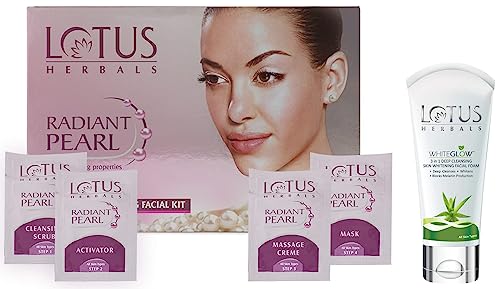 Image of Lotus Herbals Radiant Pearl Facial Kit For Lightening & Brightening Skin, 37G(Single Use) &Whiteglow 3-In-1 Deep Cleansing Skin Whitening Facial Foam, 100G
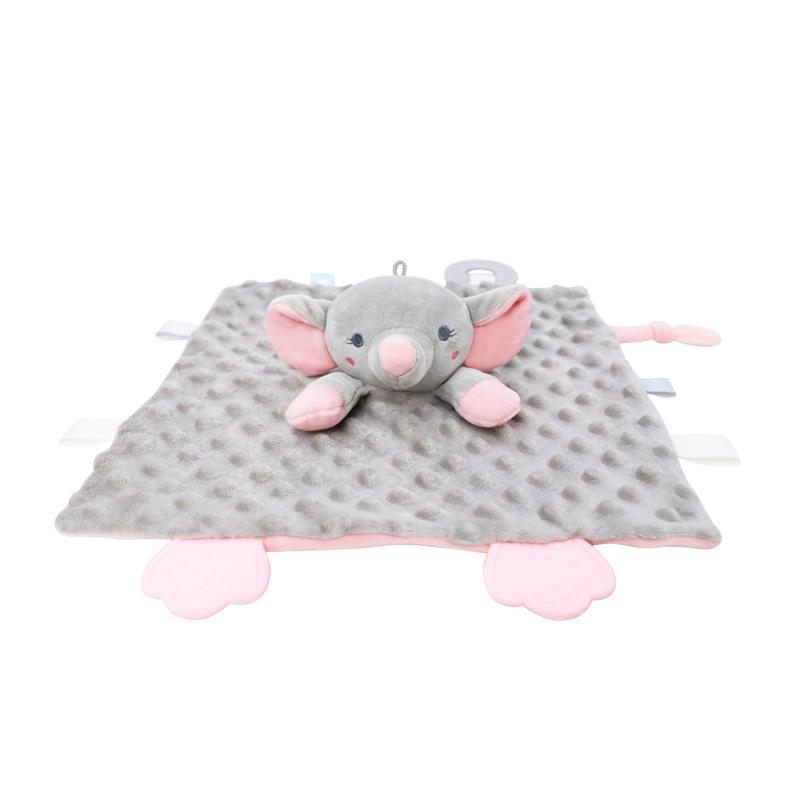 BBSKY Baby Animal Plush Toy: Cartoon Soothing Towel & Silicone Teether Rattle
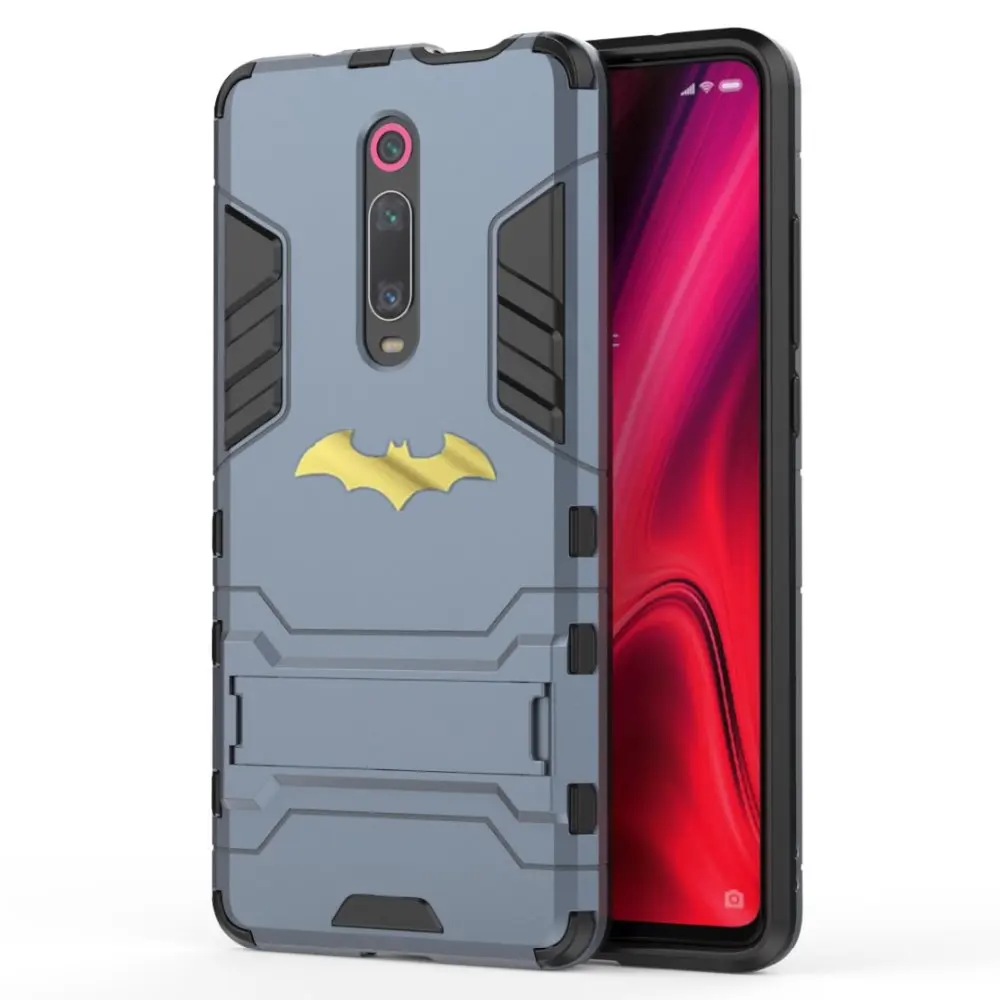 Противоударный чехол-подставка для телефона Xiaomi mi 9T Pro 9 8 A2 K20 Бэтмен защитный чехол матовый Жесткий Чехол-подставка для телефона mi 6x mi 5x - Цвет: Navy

» **What you are asked to do**:
Output a verbatim copy of the lines from the line containing "BBSKY Baby Animal" through the end of the data, both included, without any images.

» **Written answer**:
 BBSKY Baby Animal Plush Toy: Cartoon Soothing Towel & Silicone Teether Rattle
 Противоударный чехол-подставка для телефона Xiaomi mi 9T Pro 9 8 A2 K20 Бэтмен защитный чехол матовый Жесткий Чехол-подставка для телефона mi 6x mi 5x - Цвет: Navy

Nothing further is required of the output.